バスはどこを走っていたのか全くわからないのだがとりあえず目印がわかりやすいのでぼーっと窓からの風景を眺めていた。途中バスは震災で崩壊した教会の横を通ってマナグア湖で折り返してからスタジアムの横に停まった。そこからしばらく歩くとTICAバスのターミナルがある安宿地区だ。この辺が中心っぽい気もするのだが、それにしてはひと気が少なすぎる。とりあえず一泊なので安宿に宿を取ってから外を歩いてみることにした。

まず最初に向かったのはインターコンチネンタルやショッピングセンターのあるエリアで、さぞかし近代的な都会を想像していたら、確かに綺麗なホテルとショッピングセンターがあるのだが、喧噪というのにはほど遠く、そして人通りも少なく閑散としていた。ショッピングセンターも肌の白いお金持ちのみという感じで、店員は小汚い身なりの自分を見ると露骨に万引きしないかつきまとってくるし、フードコートではやはりニカラグア人の白人が割り込んできたり、ぶつかっても誤りもしない。なんだか着飾った人たちが食事をしているのを見ていると腹が立ってきた。ここには暖かさという物がまったくなかった。

気を取り直してバスから見えたカテドラルと革命広場と呼ばれる社会主義国や元植民地にありがちな場所へ行ってみた。壊れたカテドラルは「カテドラルの廃墟」として入場料を取って見学できると聞いていたのだが、今は立入禁止のテープが張られていて中には入れなかった。よく見ると屋根も崩れそうだし危ないから営業をやめたのだろうか?テープをくぐって鉄格子にへばりついて中を見ると綺麗な浮き彫りがたくさんある。そして壊れた屋根から漏れる光が神秘的でもあった。

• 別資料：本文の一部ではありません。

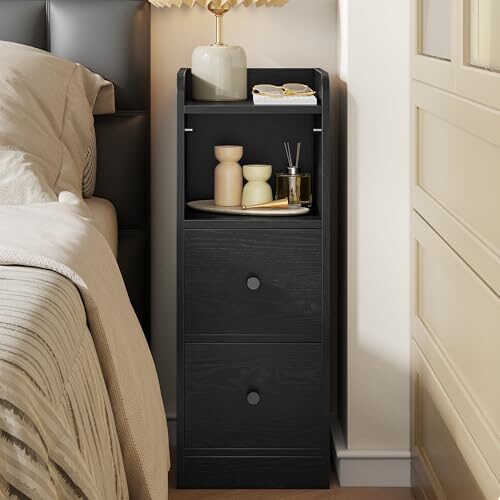 Hzuaneri Nachttisch Schmal, Beistelltisch mit 2 Schubladen, Nachttische mit Offenem Fach, für Schmale Räume Schlafzimmer, Wohnzimmer, 30 x 24 x 65 cm Schwarz NS62104X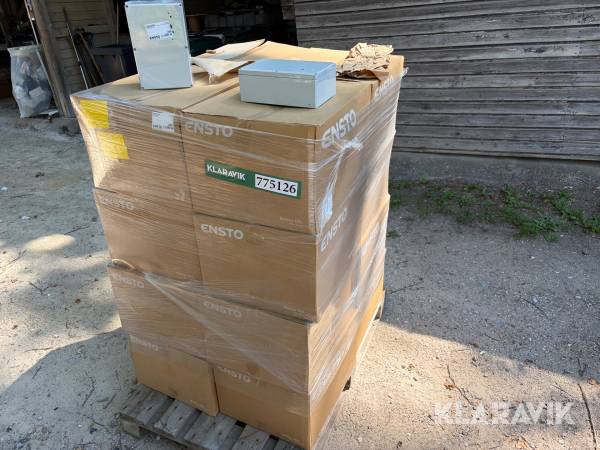 Stort lot Kapslinger Ensto Cubo D DPCP162409G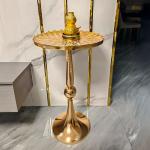 طاولة جانبية ذهبية أنيقة - 2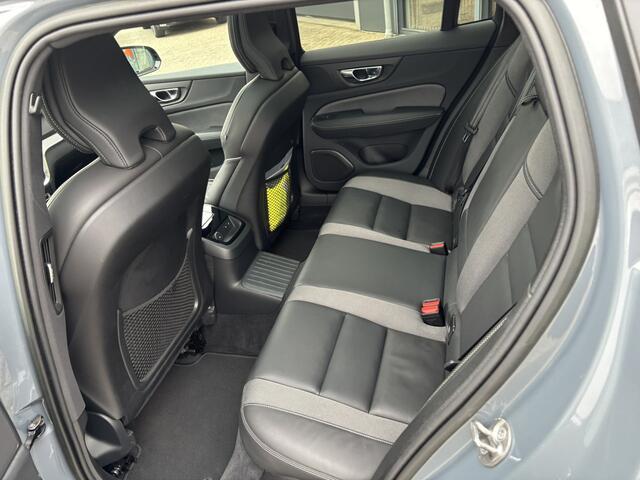 Volvo V60 2.0 T6 Plug-in hybrid AWD Ultimate Bright / Trekhaak Elektrisch Wegklapbaar / Stoel & Stuurverwarming / Google Maps Navi /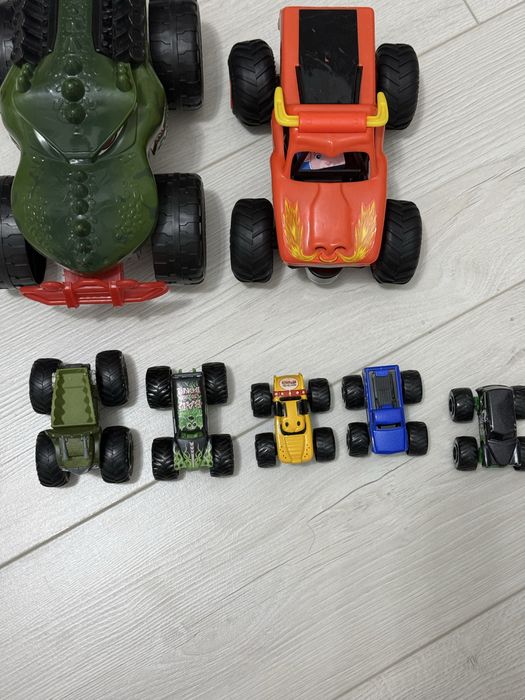 Игрушка машинка техники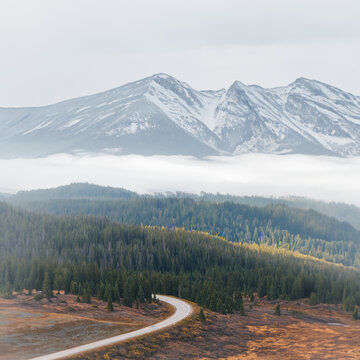 雪山公路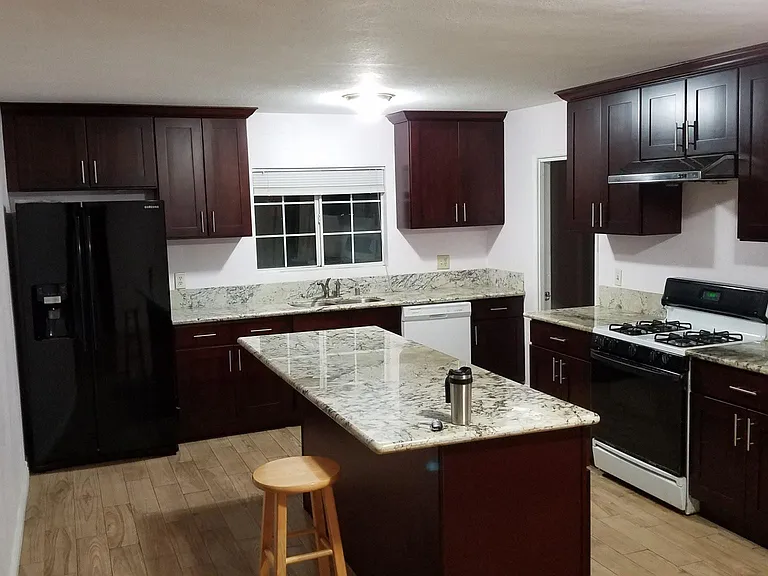 721 N Mountain View St — Photo 5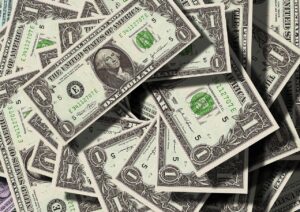 活ガニフルコースを楽しむ宿には現金はいくら必要？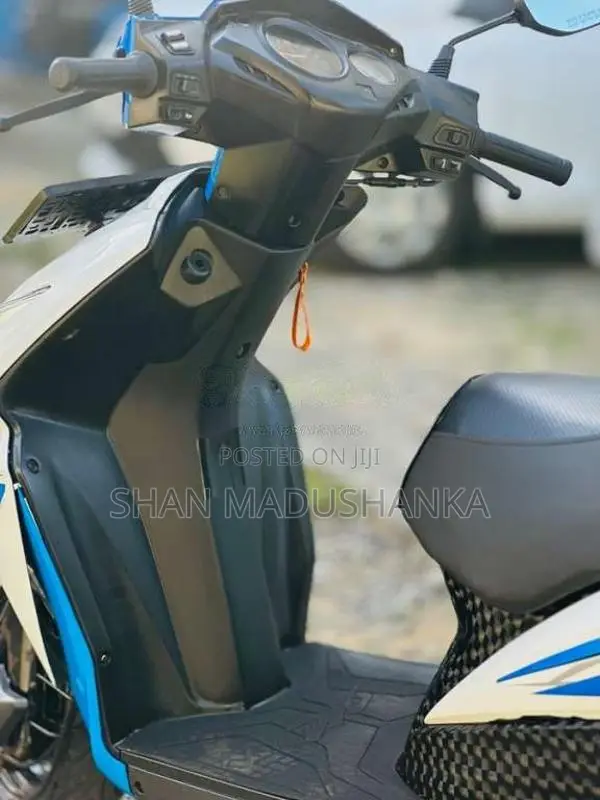 Honda Dio 2015 Motorbike (Used)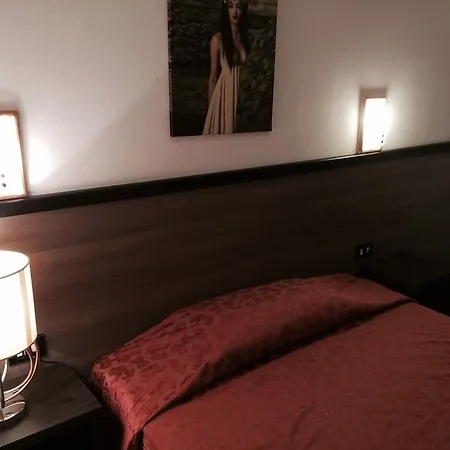 Hotel Domus 2*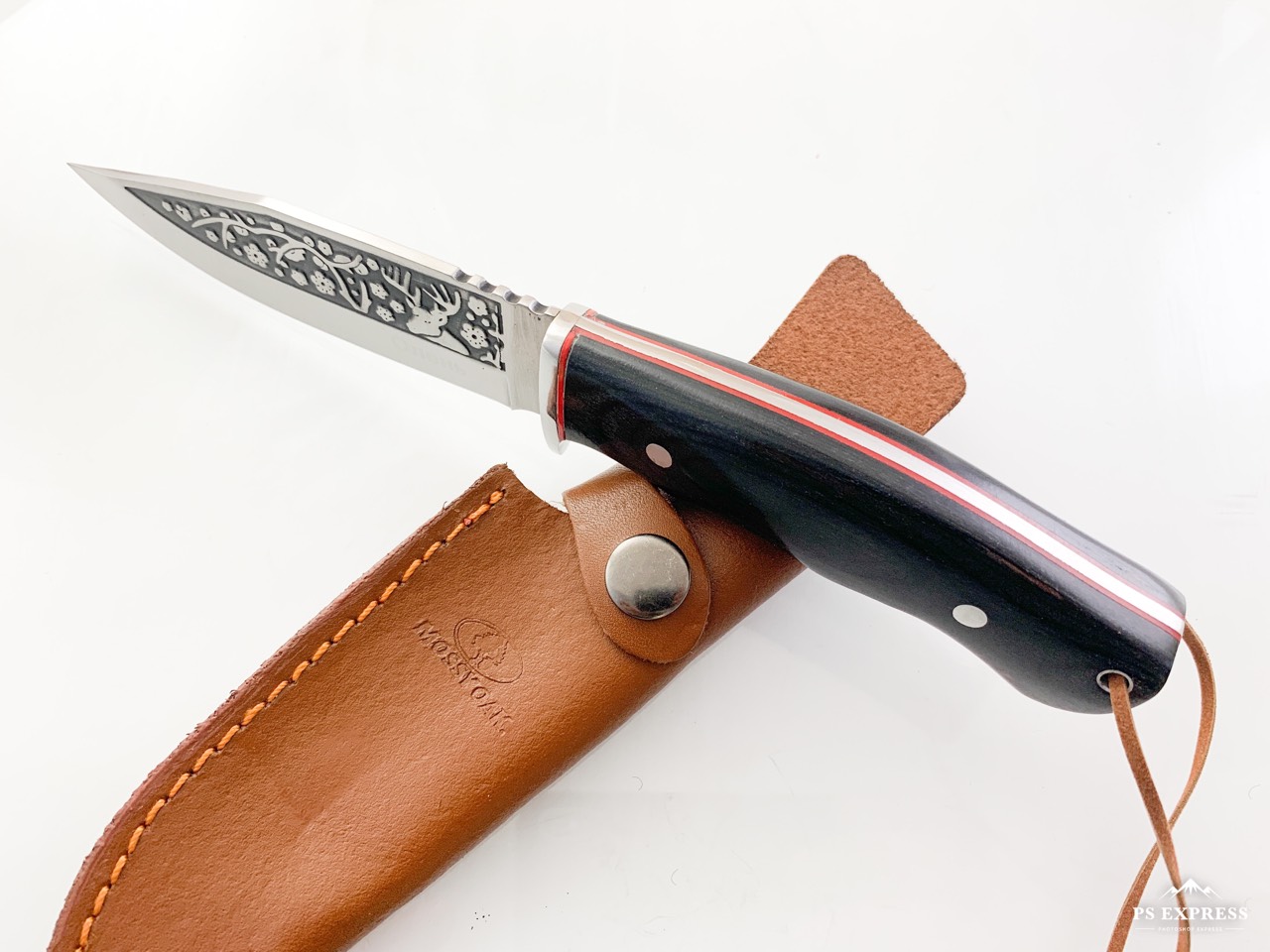 Руски ловен нож фултанг с гравиран Оленъ Елен на острието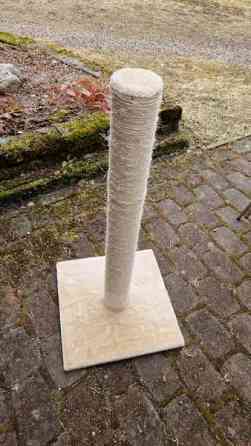 Kissan raapimistolppa Vantaa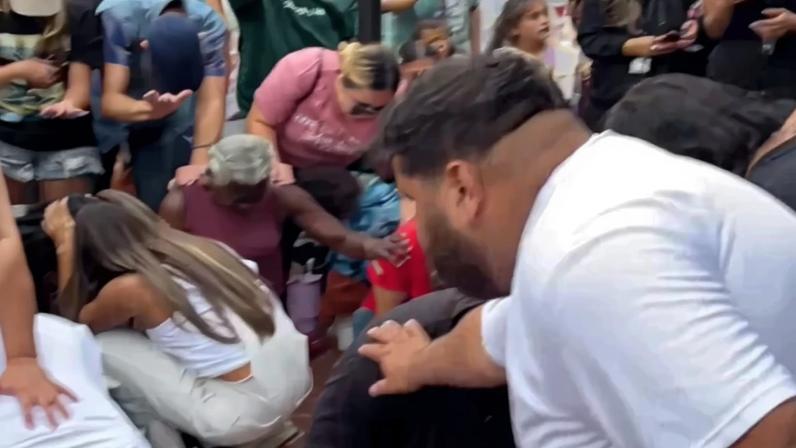 Dezenas se entregam a Jesus no centro de San Diego, evangelho apresentado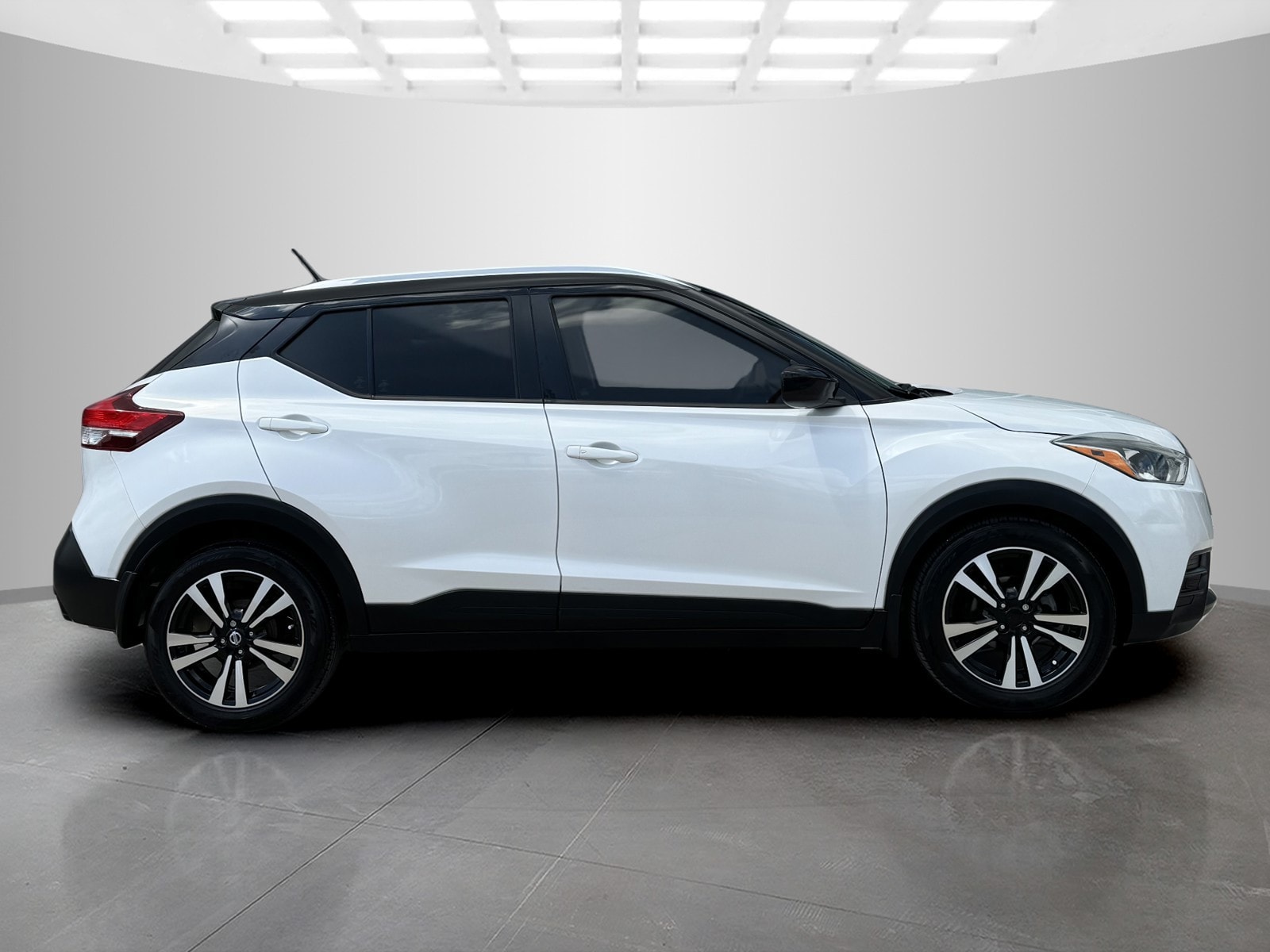 Used 2020 Nissan Kicks SV with VIN 3N1CP5CV3LL512035 for sale in San Juan, TX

革命広場は火が燃えていたのと、細かな作りの頭の上に天使の乗った男の人の銅像があった。そしてそのすぐ近くには丘があってマナグア湖が見下ろせるのだが、とにかくここは大阪湾なみに汚くてどうしようもない。臭いにおいが漂ってくるのだが、それでもニカラグア人は湖沿いのカフェで食事をしたりしていた。何ともわけがわからん。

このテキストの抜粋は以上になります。